(Crawled caption data)
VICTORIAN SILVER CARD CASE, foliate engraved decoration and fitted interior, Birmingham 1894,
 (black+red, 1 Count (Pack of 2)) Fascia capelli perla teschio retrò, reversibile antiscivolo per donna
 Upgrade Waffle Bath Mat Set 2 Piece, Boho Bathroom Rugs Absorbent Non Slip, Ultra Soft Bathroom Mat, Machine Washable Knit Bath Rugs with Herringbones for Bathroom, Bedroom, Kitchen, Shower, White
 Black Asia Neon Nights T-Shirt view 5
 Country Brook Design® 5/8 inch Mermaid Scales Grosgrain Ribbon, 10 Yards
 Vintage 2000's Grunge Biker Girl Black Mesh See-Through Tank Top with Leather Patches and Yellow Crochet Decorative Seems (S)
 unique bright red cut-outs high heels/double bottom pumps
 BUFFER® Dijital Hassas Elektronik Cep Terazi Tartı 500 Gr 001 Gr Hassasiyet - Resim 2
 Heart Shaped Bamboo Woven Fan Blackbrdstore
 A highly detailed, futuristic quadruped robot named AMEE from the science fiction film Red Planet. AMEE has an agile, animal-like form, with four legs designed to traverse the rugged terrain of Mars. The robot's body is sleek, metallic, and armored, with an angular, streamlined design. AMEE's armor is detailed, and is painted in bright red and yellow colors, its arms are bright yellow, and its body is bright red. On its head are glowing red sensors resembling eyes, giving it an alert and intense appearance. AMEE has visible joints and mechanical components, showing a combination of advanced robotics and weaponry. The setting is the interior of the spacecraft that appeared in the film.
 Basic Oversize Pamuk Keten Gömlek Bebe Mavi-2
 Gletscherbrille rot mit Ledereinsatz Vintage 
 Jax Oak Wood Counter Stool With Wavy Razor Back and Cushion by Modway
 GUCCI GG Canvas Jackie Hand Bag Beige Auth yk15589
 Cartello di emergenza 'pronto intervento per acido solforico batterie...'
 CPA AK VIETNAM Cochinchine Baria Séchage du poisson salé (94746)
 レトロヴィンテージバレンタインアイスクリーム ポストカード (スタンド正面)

Action item: Set down verbatim only the lines between the start of the data above and the line with "(black+red, 1 Count", both boundaries included.

Solution to the problem:
VICTORIAN SILVER CARD CASE, foliate engraved decoration and fitted interior, Birmingham 1894,
 (black+red, 1 Count (Pack of 2)) Fascia capelli perla teschio retrò, reversibile antiscivolo per donna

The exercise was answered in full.